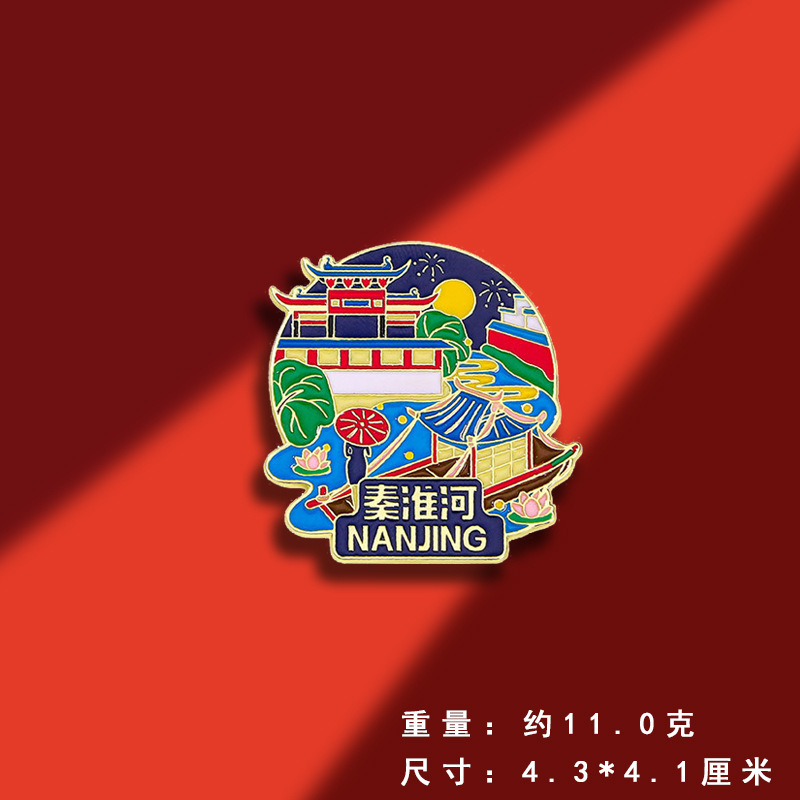 オリジナル観光スポットシリーズブローチバッジ中国風観光地区記念品観光地区出店商品|undefined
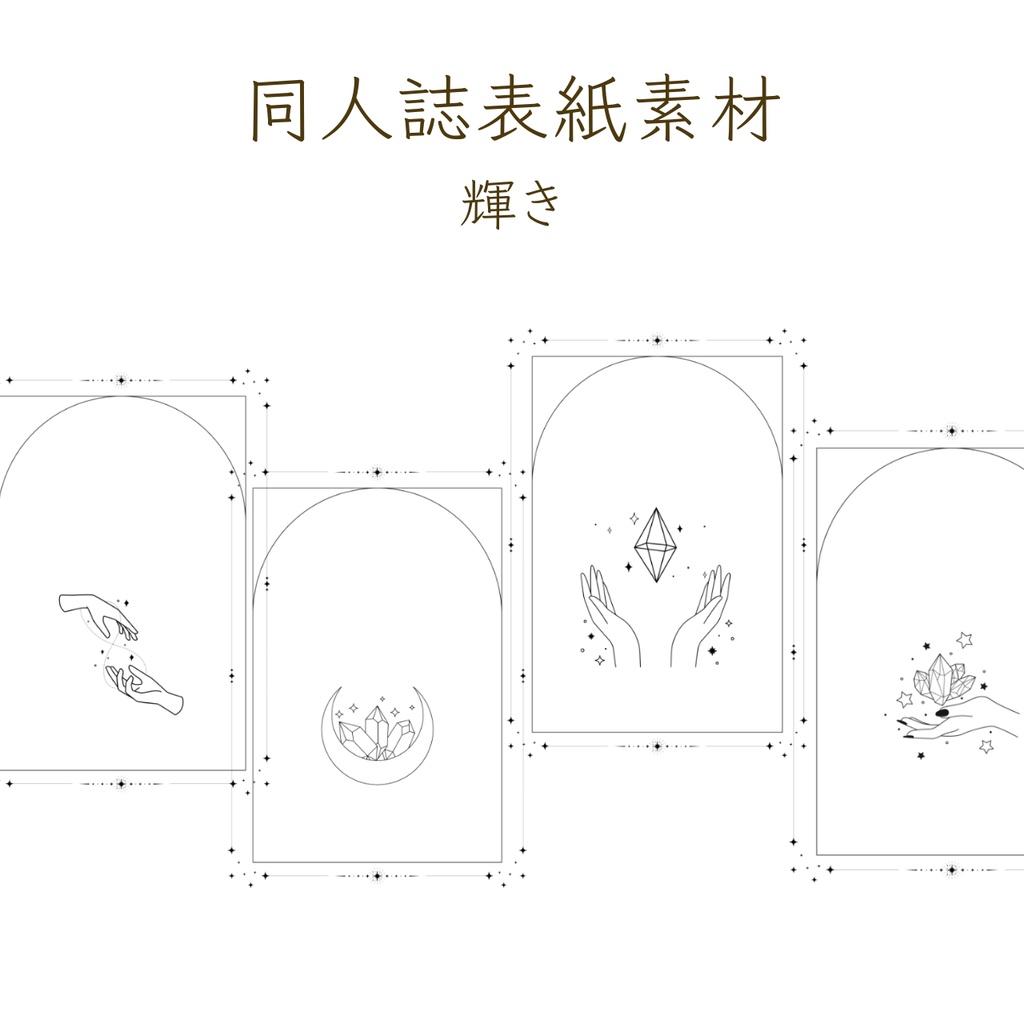 【印刷可】表紙素材13　輝き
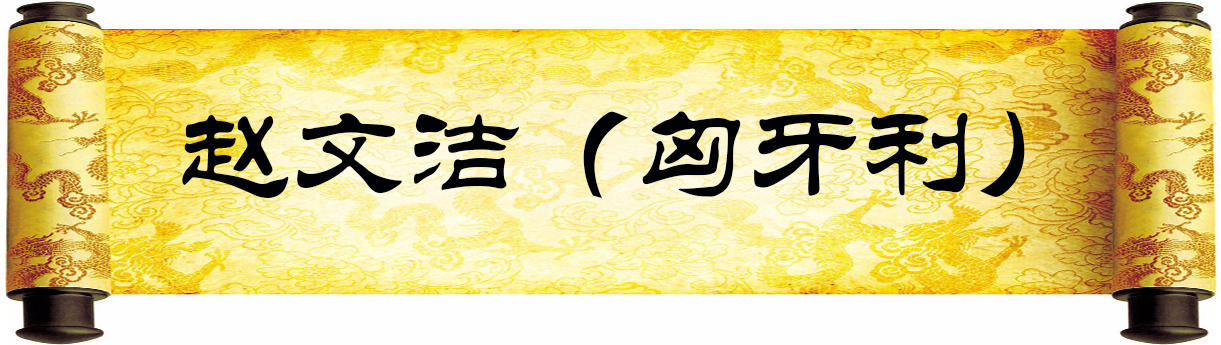 《新岁墨香凝福泽——中外华人艺术家迎新年网络展览》(图30)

******

> **Task description**
In your copy of the data above, leave out the pictures and repeat everything else exactly.

> **Answer area**
 オリジナル観光スポットシリーズブローチバッジ中国風観光地区記念品観光地区出店商品|undefined
 【印刷可】表紙素材13　輝き
 《新岁墨香凝福泽——中外华人艺术家迎新年网络展览》(图30)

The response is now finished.